[ Siehe Video-Botschaft von Victor Orban hier. ]
Die EU kann es nicht lassen: Weil die Visegrad-Staaten (Slowakei, Ungarn, Polen und die Tschechische Republik) sich der von Brüssel vorgeschriebenen Massenmigration verweigern, hat am 3. Februar der belgische Ministerpräsident Charles Michel erneut mit Konsequenzen gedroht. Gegenüber der belgischen Zeitung Le Soir soll er gesagt haben, dass man den Visegrad-Staaten ein Ultimatum gesetzt habe. Sie müssten sich der Willkommenspolitik der EU unbedingt anschließen und Solidarität zeigen und Asylbewerber aufnehmen.
Der ungarische Ministerpräsident Victor Orban, der zurzeit auch die Präsidentschaft der Visegrad-Gruppe innehat, reagierte mit einer Videobotschaft. Dort kritisierte er die EU-Pläne (siehe Berichte Outono, Breitbart).
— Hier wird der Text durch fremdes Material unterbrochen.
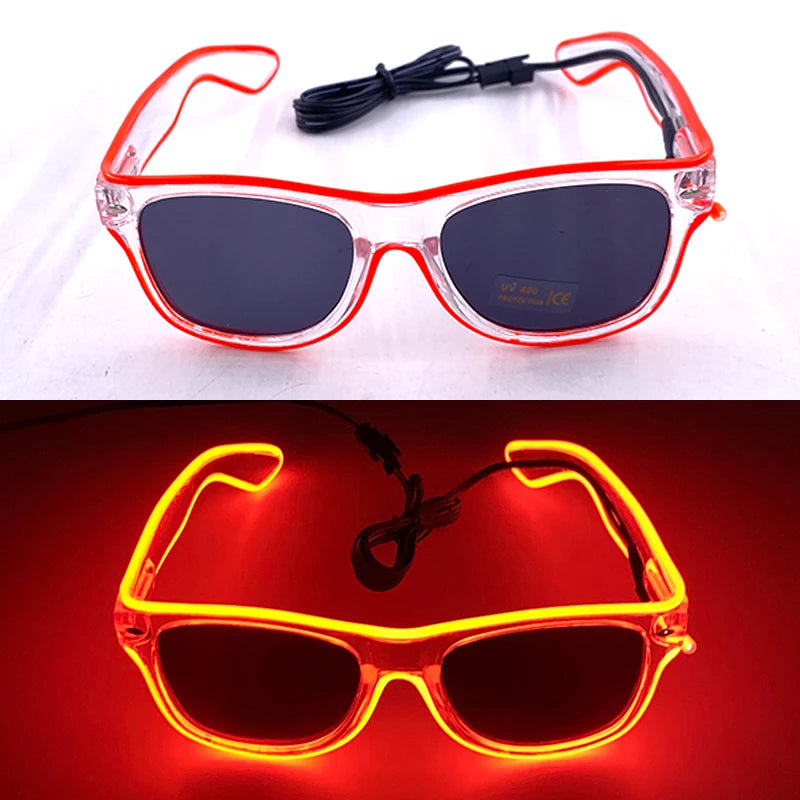 Light Up LED Neon Sunglasses for Kids Adults - Neon Wire Party Favors, Glow in The Dark Accessories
Besonders die Drohung des belgischen Ministerpräsidenten mit Konsequenzen, falls die Visegrad-Staaten keine Migranten aufnehmen, ist dort auf heftige Ablehnung gestoßen.
Orban bekräftigte: »Für uns kommt Ungarn zuerst. Wir werden jene bekämpfen, die die christliche Identität Ungarns und Europas verändern wollen.«
Die Außenminister Ungarns und der Slowakei betätigten ihre Ambitionen, die Grenzen weiterhin zu schützen. Zuvor hat es bereits am 26. Januar ein Treffen von Vertretern der Visegrad-Staaten gegeben, bei dem ihre gemeinsame Politik in der Migrationsfrage bekräftigt wurde.